[[ Records for this task, beginning ]]

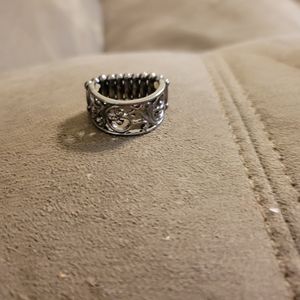 Paparazzi gunmetal floral stretchback ring
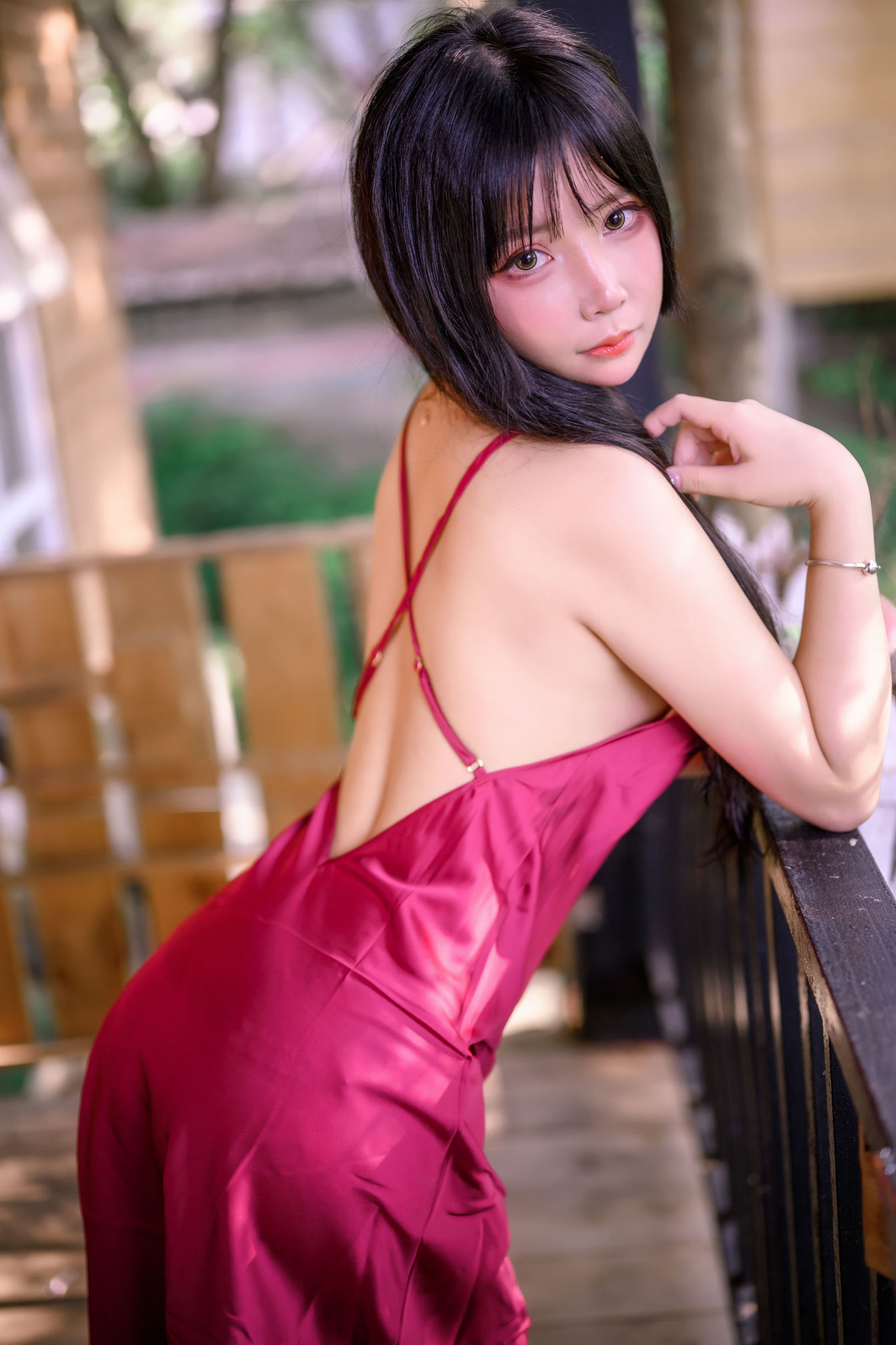 コスプレ福利] 二次元美少女がモクシアーを抱いて連れ去る - 屋外セクシー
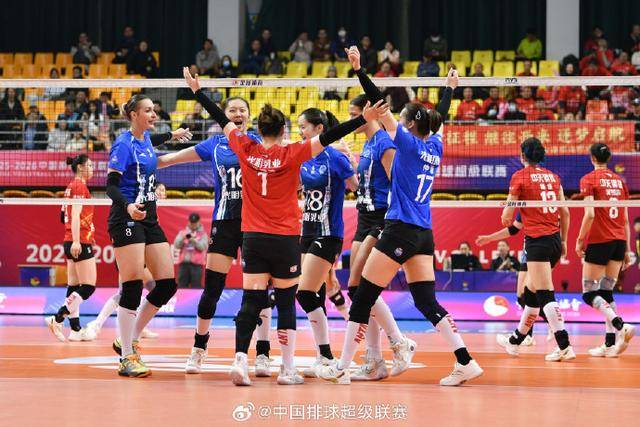 排超新格局上海女排一家独大?赢下卫冕冠军江苏女排后<strong></p>
<p>比特币行情k线图</strong>,蔡斌却这样说……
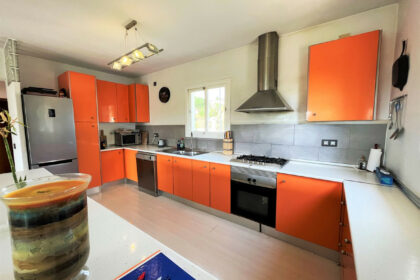 6fcd9bb595187a43270dfece76a4b1bd - 11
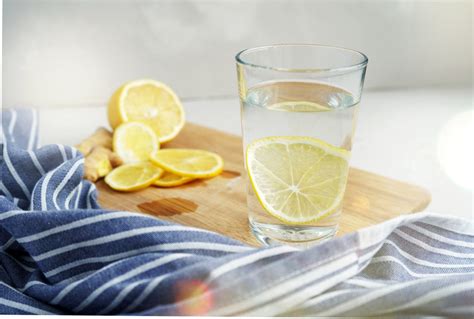 Does lemon water help with bloating?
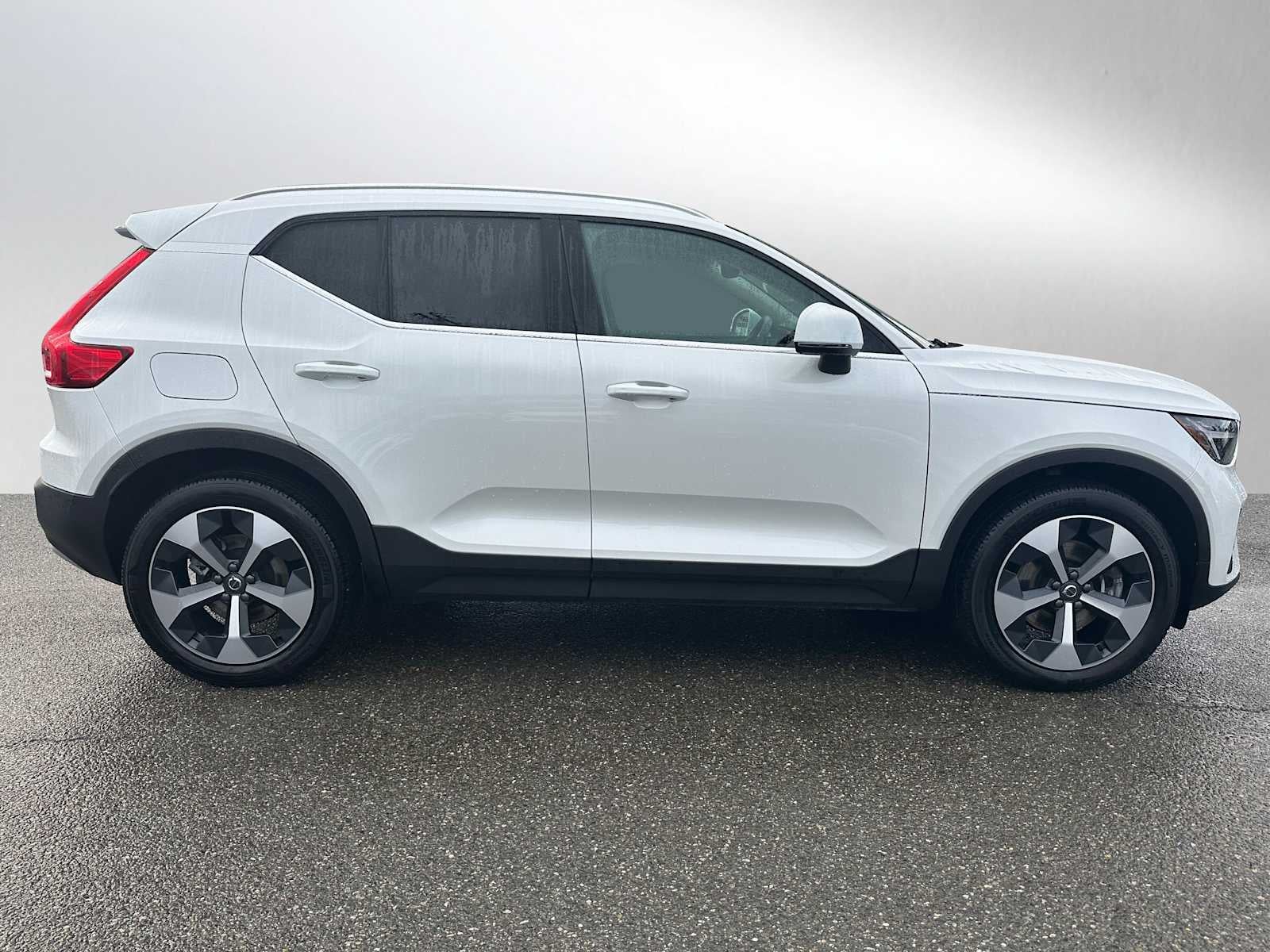 2025 Volvo XC40 Core Bright Theme
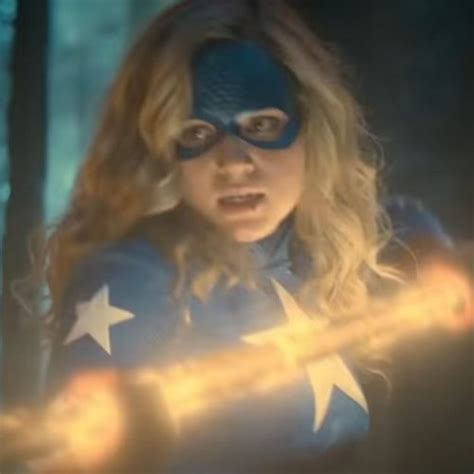 Stargirl Une Nouvelle Bande Annonce 100 Action Justice Society Of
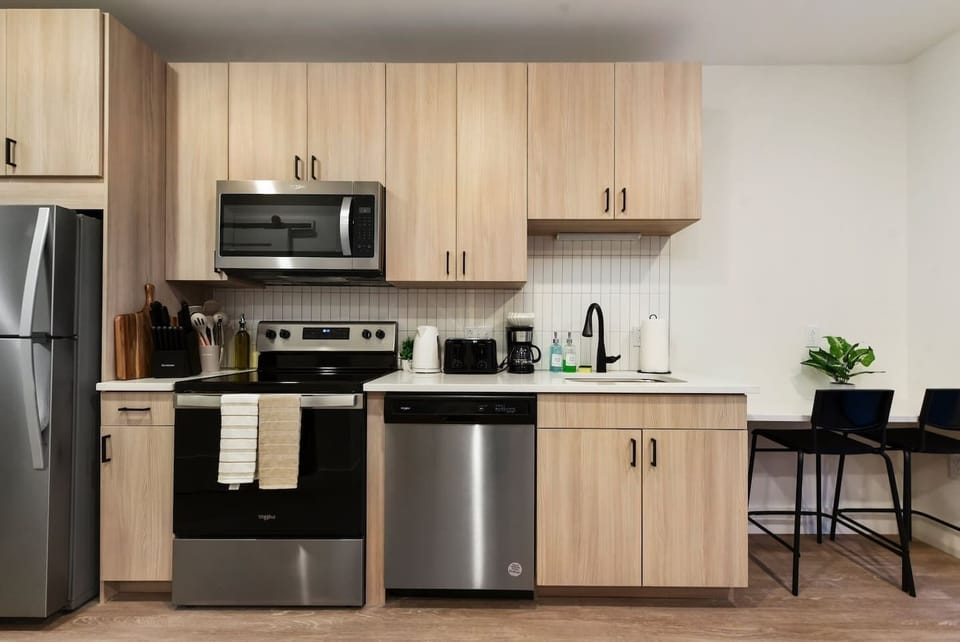 FULLY stocked Kitchen with rice cooker, coffee machine, kettle, pots, pans and SO much more!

[[ Records for this task, end ]]

**Work request**
Could you copy every record exactly, without the pictures?

**Solution**
 Paparazzi gunmetal floral stretchback ring
 コスプレ福利] 二次元美少女がモクシアーを抱いて連れ去る - 屋外セクシー
 排超新格局上海女排一家独大?赢下卫冕冠军江苏女排后<strong></p>
<p>比特币行情k线图</strong>,蔡斌却这样说……
 6fcd9bb595187a43270dfece76a4b1bd - 11
 Does lemon water help with bloating?
 2025 Volvo XC40 Core Bright Theme
 Stargirl Une Nouvelle Bande Annonce 100 Action Justice Society Of
 FULLY stocked Kitchen with rice cooker, coffee machine, kettle, pots, pans and SO much more!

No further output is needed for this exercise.